Carroll Smith-Rosenberg is an American academic and author who is the Mary Frances Berry Collegiate Professor of History, American Culture, and Women's Studies, Emerita, at the University of Michigan, Ann Arbor.

Smith-Rosenberg is known for her scholarship in US women's and gender history, and for her contributions to developing interdisciplinary programs and international scholarly networks addressing women's history, gender studies, the history of sexuality, and cultural and Atlantic studies.

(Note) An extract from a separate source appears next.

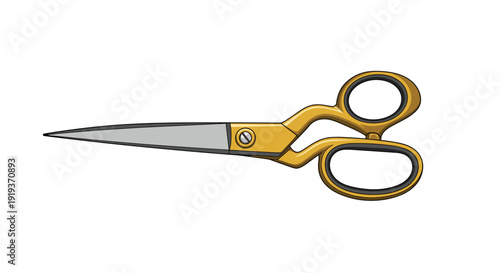 Elegant pair of gold-handled scissors with sharp silver blades, a timeless cutting tool representing precision, craftsmanship, and the art of tailoring and design.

Smith-Rosenberg's article, “The Female World of Love and Ritual,” has been described as creating “a template for how feminists could literally make history” (Potter, 2015). Her article “Discovering the Subject of the Great Constitutional Debate,” was awarded the Binkley-Stephenson Award by the Organization of American Historians in 1993. Smith-Rosenberg's book, This Violent Empire: The Birth of an American National Identity, won a Choice Award for Distinguished Scholarly Book in 2011.

Early life and education
Smith-Rosenberg was born in Yonkers, New York, 15 March 1936 to Carroll Smith and Angela Haug Smith. She grew up near Yankee Stadium, in the Bronx.  Her heritage included a Caribbean grandfather, two centuries of slave-holding ancestors, and “on both sides, Irish grandmothers who didn’t speak to one another” (Smith-Rosenberg, 2007).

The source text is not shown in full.